You choose the document and the framework. Load a product manual, FAQ, or spec sheet, split it into chunks with a sensible strategy, embed those chunks into an in-memory vector store (FAISS, Chroma, or your framework's built-in store), wire up a retriever, and integrate an LLM that answers questions using the retrieved context. You then demonstrate the pipeline by answering at least three questions. The deliverable is a single Python script or Jupyter notebook, the same artifact you would commit to a real proof-of-concept repository.

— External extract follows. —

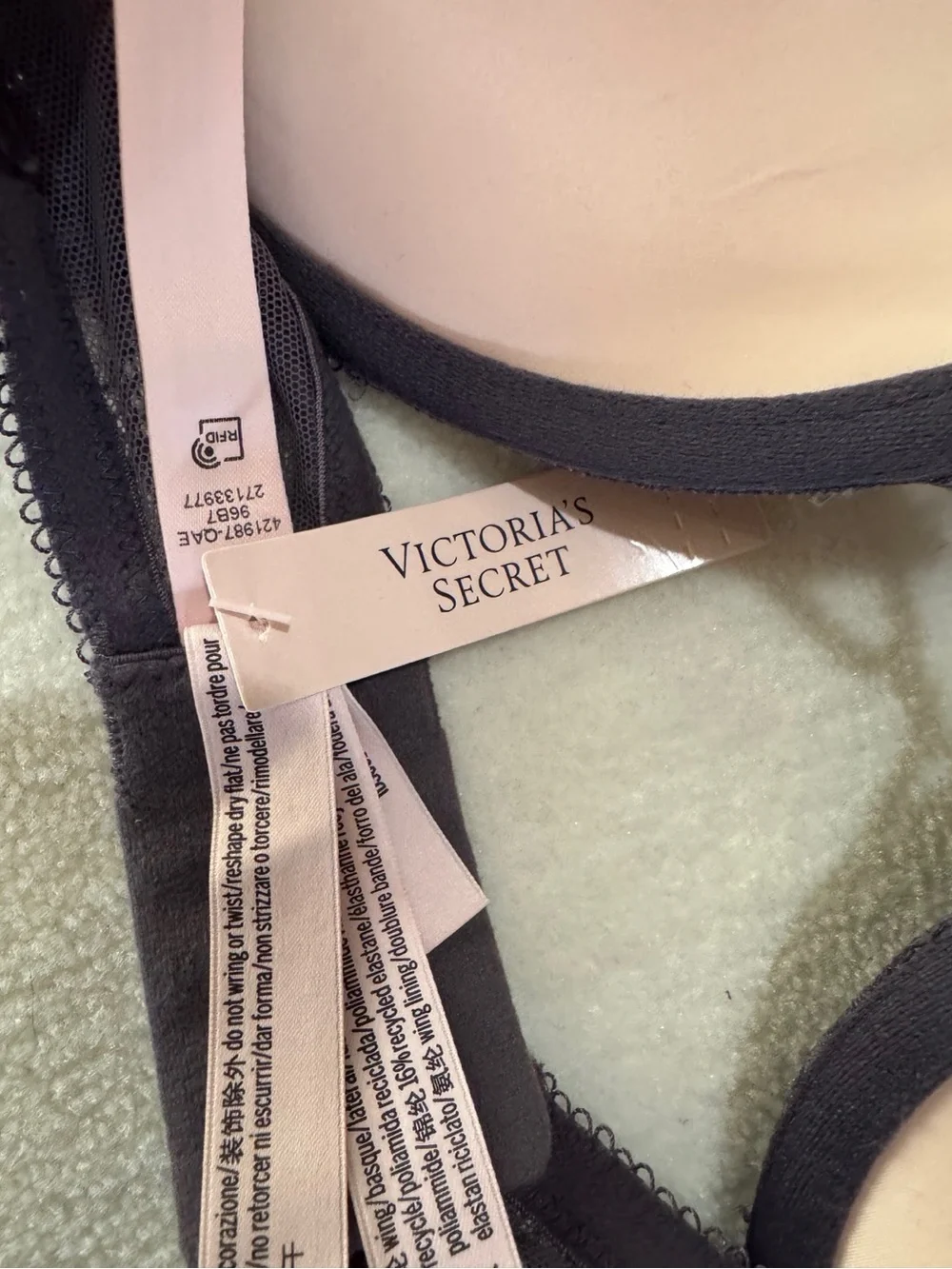Victoria’s Secret Lace Push Up Bra Dark Gray 34DD NWT Underwire Very Sexy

Grading is rubric-based and explainable. Each criterion (framework setup, ingestion and chunking, vector store and embeddings, retriever, LLM integration, and the demonstration) carries a weight, and you get a per-criterion score with evidence pulled from your own submission plus specific feedback on what to improve. The pass threshold is 65 percent. You can resubmit. The point is not the number: it is the feedback and the portfolio-ready artifact you walk away with.

Frequently asked questions

Do I build this in a sandbox or on my own machine?

On your own machine or in any notebook environment you like (local, Colab, etc.). This is a take-home style task: you build the pipeline wherever you are comfortable, then upload the script or notebook here for grading. There is no provisioned sandbox, which is exactly why it mirrors real project work.

Should I use LangChain or LlamaIndex?

Either. Both are first-class for RAG. Pick the one you want to learn or already know, and stay within its idioms. The rubric rewards using a framework's components correctly, not which framework you chose.

How is my submission graded?

Your submission is checked against a fixed rubric with six weighted criteria. It runs deterministic checks first (does the file parse, does it import a supported framework, does it demonstrate at least three questions) and then scores each criterion qualitatively, returning evidence quoted from your submission and concrete feedback. Your score is the sum of the per-criterion points; 65 percent or above passes.

What counts as a complete submission?

A single Python script (.py) or Jupyter notebook (.ipynb) that ingests and chunks a document, embeds it into a vector store, retrieves relevant chunks for a query, and uses an LLM to answer at least three questions grounded in the retrieved context. Printing the retrieved context next to each answer makes your grounding visible and helps your score.

Can I resubmit if I do not pass?

Yes. The feedback is the point. Read the per-criterion notes, fix the weak spots, and submit again. Submissions are rate-limited to keep grading costs sane, but you have plenty of attempts.